It is true in one dimension that $H^1$ is continuously embedded in $L^{\infty}.$

Now, consider a compact interval $[0,1]$ with a partition $I_n:=([m/n,(m+1)/n])_{m \in \left\{0,...,n-1 \right\}}$ and a function $f$ on $I_n$ that is constant on every interval $[m/n,(m+1)/n].$

Then we can define the discrete derivative $f'(x)=n\left(\tfrac{f\left(\tfrac{x+1}{n}\right)-f\left(\tfrac{x-1}{n}\right)}{2}\right)$ and modify it accordingly on the boundary of the partition.

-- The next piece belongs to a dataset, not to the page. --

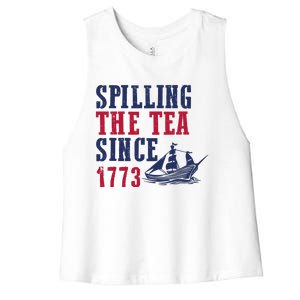 Spilling The Tea Since 1773 4th Of July Republican Patriotic Women's Racerback Cropped Tank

If we then define the $H^1_n$ norm on the space of such functions $$\Vert f \Vert _{H^1_n} := \sqrt{ \frac{1}{n} \sum_{i=1}^n \left(\left\Vert f\left( \frac{i}{n} \right) \right\Vert^2 +\left\Vert f'\left( \frac{i}{n} \right) \right\Vert^2\right) },$$

it is obvious that $H^1_n$ embeds of course continuously into $L^{\infty}.$

However, I am wondering whether $\Vert f \Vert_{L^{\infty}} \le C \Vert f \Vert_{H^1_n}$ holds for a constant independent of $n$ and $f$? This is to say, is this a discrete approximation of the Sobolev embedding theorem?